The biggest gains from this announcement is that Amazon Inspector can now run continuously. On top of that, it automatically identifies resources instead of explicitly selecting resources for the Inspector to target.

New features were added to AWS Shield Advanced to automatically create, test, and deploy AWS WAF rules and mitigate layer 7 DDoS events. The CodeGuru Reviewer Secrets Detector detects passwords, access tokens and API keys in source code and configuration files.

Architecture and Coding

Vogels' keynote started with a timeline of AWS and showed some current metrics, before introducing new features and services for developers. Karan Desai, solution architect at AWS, tweets:

What is the most mind-blowing AWS service, you ask? It's not EC2. It's not S3. It's IAM. 500 million API calls every second... Imagine that.

Now in preview, AWS Migration Hub Refactor Spaces is a capability of AWS Migration Hub to refactor existing applications into distributed applications, usually based on microservices. Covered separately on InfoQ, the AWS Data Exchange for APIs enables customers to find, subscribe to, and use third-party API products from providers on AWS Data Exchange.

Designed to replace the AWS Forums and dubbed by many as AWS Stack OverFlow AWS re:Post is a managed Q&A service for crowd-sourced and expert-reviewed answers. Maurice Borgmeier, cloud consultant & trainer at tecRacer, reviewed the new service and comments:

re:Post seems a step up from the AWS forums, but as it is today there are lots of things missing to drive traffic away from the aws-* stackoverflow tags.



Released in 2017. AWS Amplify allows developers to build full-stack web and mobile apps. This year Vogels announced Amplify Studio to take the process a step further, adding a visual builder for all stages. Errol Hooper, AWS training architect at A Cloud Guru, wrote an article explaining why it helps startups and small business enthusiasts.

As previously covered by InfoQ, Custom Lenses is a new feature of the Well-Architected Framework. A new sustainability pillar was added to the AWS Well-Architected Framework to help companies learn, measure, and improve their workloads using environmental best practises. Jeremy Daly, GM of serverless cloud at Serverless, tweets:

New AWS Well-Architected Sustainability pillar. Translation: go serverless.
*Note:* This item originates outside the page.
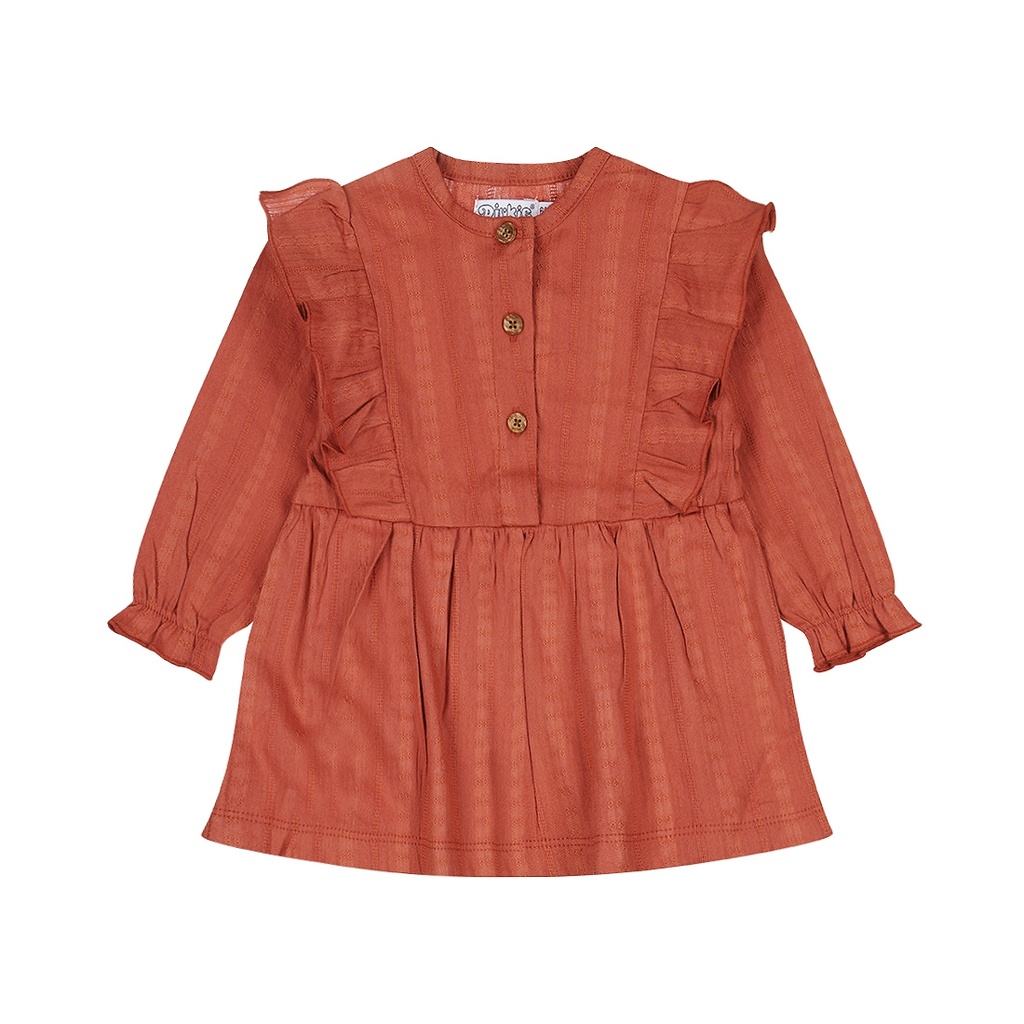 Dirkje | Jurk Girls Berry Dress Longsleeve Terra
Amazon decided to target the mainframe world, announcing AWS Mainframe Modernization, a set of migration tools that include the ability to convert Cobol code to Java. Drew Firment, SVP at A Cloud Guru, highlights the significant market share:

1. Only 10-15% of total IT spend moved to the cloud
2. CSPs spending $100B+ on infrastructure this year
3. Mainframes still used by 71% of Fortune 500

The Cloud Development Kit v2.0 is now generally available, contrary to what Vogels showed during his keynote. The Amazon Builders' Library is a new repository of articles that describe how Amazon develops, architects, and operates technology.

Feedback and Recaps

During the event, AWS kept up-to-date the article announcements of AWS re:Invent 2021. Among other recaps, the ones from Resmo, Victor Grenu and Leenders are worth mentioning. Kristi Perreault's article focuses instead on the main serverless sessions. Vogels wrote some tech predictions for 2022 and highlighted a negative aspect of being back in person in Las Vegas:

After reading the horrific stories from Ali Spittel, Emily Freeman and Abby Fuller on their experiences from the past week makes me extremely sad. This was supposed to be a celebration of tech for everyone, but us "men in tech" still can't get our act together.

The dates of the 2022 edition have not been announced yet.